Liberian President Charles Taylor has agreed to relinquish power on August 11, but no date has been set for when he will go into exile, probably in Nigeria. President Taylor says he first wants an indictment for war crimes dropped.
After meetings with representatives from the regional body ECOWAS, President Charles Taylor has set the moment for his exit from power: Monday, August 11.
But rebels who have been waging a campaign against President Taylor want him out of the country, not just out of office. International pressure, led by the United States, also is calling for Mr. Taylor to get out of Liberia.
Nigeria has offered President Taylor asylum, but he wants an indictment for war crimes charges in Sierra Leone to be dropped first.

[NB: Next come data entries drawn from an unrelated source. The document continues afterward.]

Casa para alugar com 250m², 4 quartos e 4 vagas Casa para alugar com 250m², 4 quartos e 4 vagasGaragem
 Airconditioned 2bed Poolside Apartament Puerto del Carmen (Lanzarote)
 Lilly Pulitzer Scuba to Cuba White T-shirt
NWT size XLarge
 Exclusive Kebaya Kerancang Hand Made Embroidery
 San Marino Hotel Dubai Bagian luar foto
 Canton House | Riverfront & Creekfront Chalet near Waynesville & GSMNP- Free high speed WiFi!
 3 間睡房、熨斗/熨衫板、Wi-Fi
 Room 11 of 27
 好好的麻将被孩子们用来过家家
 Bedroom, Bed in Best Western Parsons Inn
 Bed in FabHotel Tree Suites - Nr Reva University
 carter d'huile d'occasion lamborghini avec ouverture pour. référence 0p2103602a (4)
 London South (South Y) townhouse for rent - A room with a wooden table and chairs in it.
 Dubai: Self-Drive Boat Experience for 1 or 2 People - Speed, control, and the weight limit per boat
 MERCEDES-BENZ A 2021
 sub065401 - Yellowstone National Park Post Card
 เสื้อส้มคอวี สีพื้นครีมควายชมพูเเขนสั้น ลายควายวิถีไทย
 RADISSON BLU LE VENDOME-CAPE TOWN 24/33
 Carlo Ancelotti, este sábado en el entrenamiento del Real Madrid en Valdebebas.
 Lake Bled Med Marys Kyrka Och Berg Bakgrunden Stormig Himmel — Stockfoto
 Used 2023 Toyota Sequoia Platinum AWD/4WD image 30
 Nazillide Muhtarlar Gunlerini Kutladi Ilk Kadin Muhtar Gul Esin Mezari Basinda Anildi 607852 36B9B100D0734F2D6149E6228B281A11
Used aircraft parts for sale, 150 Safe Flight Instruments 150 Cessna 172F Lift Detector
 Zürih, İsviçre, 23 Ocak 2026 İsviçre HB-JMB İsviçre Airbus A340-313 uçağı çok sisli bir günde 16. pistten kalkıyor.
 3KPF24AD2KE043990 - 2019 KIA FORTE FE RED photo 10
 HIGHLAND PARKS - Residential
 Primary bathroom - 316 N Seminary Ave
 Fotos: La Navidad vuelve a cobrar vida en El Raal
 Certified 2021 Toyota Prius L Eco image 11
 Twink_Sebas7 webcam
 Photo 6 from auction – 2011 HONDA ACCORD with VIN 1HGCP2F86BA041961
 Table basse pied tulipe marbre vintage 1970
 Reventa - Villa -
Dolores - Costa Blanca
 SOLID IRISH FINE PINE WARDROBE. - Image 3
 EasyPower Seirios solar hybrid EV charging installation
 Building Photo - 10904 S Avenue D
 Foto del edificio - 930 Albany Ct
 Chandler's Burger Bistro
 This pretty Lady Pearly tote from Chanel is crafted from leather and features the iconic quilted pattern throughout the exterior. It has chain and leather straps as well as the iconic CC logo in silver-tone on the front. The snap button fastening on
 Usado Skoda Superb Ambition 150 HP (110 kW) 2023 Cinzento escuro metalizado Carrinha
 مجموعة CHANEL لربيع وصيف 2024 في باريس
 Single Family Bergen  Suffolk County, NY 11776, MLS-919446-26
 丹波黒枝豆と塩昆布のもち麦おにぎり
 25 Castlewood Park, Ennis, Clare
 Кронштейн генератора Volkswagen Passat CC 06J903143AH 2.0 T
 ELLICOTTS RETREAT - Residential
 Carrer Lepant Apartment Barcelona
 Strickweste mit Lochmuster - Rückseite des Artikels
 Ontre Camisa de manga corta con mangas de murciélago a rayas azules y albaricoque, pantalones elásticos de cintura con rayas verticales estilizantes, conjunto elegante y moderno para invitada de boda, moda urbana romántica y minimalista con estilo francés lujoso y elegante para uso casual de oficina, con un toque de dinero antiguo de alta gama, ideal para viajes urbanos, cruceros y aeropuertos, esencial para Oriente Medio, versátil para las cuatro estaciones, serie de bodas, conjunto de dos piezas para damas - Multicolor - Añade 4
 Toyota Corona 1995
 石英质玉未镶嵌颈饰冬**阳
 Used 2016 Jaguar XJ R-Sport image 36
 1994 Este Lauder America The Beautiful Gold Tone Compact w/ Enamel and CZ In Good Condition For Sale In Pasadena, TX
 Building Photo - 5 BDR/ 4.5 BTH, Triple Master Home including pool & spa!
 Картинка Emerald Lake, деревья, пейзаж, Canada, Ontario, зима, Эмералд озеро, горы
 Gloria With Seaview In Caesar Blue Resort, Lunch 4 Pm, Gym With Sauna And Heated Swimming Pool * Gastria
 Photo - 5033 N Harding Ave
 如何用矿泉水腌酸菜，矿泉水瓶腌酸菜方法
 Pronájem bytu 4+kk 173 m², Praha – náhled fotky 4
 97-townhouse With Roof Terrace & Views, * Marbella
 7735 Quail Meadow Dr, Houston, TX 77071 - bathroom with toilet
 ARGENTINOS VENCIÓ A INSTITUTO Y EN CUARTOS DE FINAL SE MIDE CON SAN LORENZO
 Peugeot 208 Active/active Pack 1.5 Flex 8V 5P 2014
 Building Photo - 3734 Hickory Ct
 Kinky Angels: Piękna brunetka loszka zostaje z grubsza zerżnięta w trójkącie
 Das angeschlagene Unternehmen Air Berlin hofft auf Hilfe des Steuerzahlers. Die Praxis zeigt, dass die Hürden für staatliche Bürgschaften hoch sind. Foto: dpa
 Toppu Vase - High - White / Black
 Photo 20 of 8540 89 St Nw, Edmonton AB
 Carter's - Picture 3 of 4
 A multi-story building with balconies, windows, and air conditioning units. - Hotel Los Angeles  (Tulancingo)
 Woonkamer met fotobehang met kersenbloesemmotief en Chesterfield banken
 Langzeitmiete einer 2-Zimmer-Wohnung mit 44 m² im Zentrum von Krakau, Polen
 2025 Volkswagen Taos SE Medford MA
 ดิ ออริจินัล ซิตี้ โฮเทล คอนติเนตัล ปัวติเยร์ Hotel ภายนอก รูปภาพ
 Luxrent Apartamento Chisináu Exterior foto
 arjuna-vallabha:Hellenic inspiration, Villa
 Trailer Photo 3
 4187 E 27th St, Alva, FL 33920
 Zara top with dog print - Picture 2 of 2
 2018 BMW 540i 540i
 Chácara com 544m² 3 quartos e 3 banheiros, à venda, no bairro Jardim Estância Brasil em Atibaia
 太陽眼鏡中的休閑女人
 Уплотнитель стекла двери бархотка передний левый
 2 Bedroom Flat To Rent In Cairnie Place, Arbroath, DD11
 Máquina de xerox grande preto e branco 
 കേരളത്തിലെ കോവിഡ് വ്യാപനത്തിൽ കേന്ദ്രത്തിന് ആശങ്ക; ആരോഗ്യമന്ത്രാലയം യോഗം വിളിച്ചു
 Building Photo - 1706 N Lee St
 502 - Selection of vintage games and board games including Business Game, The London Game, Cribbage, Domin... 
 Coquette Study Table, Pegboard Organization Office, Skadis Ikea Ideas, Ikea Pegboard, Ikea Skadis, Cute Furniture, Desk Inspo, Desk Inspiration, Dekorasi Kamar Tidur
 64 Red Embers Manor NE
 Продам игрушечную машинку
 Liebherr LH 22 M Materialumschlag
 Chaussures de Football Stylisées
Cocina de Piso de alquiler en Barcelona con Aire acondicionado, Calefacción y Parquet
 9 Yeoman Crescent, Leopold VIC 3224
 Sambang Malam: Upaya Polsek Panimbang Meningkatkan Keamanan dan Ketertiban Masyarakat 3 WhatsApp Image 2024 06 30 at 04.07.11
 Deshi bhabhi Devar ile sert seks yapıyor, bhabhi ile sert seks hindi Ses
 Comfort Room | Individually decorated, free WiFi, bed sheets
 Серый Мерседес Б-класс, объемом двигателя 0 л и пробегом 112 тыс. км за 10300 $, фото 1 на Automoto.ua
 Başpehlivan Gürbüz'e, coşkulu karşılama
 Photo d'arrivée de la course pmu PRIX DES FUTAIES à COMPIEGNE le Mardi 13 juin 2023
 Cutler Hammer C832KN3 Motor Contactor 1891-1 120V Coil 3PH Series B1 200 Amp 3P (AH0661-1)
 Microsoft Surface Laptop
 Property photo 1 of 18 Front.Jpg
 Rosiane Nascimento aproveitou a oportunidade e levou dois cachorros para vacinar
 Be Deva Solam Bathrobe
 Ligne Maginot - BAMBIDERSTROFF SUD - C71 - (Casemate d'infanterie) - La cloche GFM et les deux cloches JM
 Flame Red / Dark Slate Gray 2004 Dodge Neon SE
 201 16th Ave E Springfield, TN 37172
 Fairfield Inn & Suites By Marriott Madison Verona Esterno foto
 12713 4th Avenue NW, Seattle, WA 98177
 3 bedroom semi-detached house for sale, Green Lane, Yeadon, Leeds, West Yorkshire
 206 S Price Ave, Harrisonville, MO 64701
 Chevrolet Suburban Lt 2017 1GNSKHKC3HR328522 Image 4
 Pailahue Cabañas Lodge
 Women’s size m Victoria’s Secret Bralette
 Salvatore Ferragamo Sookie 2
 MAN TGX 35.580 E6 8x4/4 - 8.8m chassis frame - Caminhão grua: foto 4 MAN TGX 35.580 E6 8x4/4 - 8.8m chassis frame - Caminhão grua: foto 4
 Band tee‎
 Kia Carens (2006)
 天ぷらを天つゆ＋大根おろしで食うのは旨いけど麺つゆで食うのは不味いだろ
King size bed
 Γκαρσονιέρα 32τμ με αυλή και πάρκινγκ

In a telephone interview Sunday, Defense Minister Daniel Chea told VOA that President Taylor needs to be free to find another future. "For this man not to put up a fight and to agree of his own volition to give up power, I think is something worth everybody's commendation. But beyond that, we all do know that the indictment against President Taylor was more or less politically motivated. So saying he has made this big political overture, I think it's only fair enough that those who brought such indictments rebuild the indictments on Mr. Taylor. Because he is leaving the country, he has to be a free man to find another future," Mr. Chea said.
Rebel leaders are not of the same opinion. One rebel spokesman, General Joe Wylie, spoke to VOA from Accra Sunday. General Wylie believes Mr. Taylor has no intention of leaving Liberia. "Mr. Taylor has said he would leave, but he is doing things that suggest to us that he does not intend to leave the country, which is very important for there to be peace in our country.... This man is gambling. He is gambling with his own life. He is gambling with the lives of the Liberian people," he said.
The deployment of regional peacekeepers is scheduled to begin Monday with the arrival of 1,500 Nigerian troops. Both Defense Minister Chea and General Wylie say they will welcome the peacekeeping forces in Liberia.
But the conflict goes on, and gunfire is still being heard on the front lines, with each side blaming the other for the continued fighting.